**DATASET ENTRIES:**
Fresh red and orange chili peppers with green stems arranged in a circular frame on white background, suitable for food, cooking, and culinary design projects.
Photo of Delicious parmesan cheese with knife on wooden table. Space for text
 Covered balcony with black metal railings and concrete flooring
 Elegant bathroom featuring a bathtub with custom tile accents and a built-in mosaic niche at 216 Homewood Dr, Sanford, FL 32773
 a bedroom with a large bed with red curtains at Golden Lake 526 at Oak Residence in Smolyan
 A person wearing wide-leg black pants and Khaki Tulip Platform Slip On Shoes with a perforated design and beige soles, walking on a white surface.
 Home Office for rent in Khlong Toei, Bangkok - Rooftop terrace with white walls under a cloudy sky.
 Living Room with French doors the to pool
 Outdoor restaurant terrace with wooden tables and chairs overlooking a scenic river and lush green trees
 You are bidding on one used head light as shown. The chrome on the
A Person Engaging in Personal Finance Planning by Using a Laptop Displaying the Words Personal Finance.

**TASK TO COMPLETE:** Repeat the entries verbatim through the line with "A person wearing".

**PROBLEM SOLUTION:**
Fresh red and orange chili peppers with green stems arranged in a circular frame on white background, suitable for food, cooking, and culinary design projects.
Photo of Delicious parmesan cheese with knife on wooden table. Space for text
 Covered balcony with black metal railings and concrete flooring
 Elegant bathroom featuring a bathtub with custom tile accents and a built-in mosaic niche at 216 Homewood Dr, Sanford, FL 32773
 a bedroom with a large bed with red curtains at Golden Lake 526 at Oak Residence in Smolyan
 A person wearing wide-leg black pants and Khaki Tulip Platform Slip On Shoes with a perforated design and beige soles, walking on a white surface.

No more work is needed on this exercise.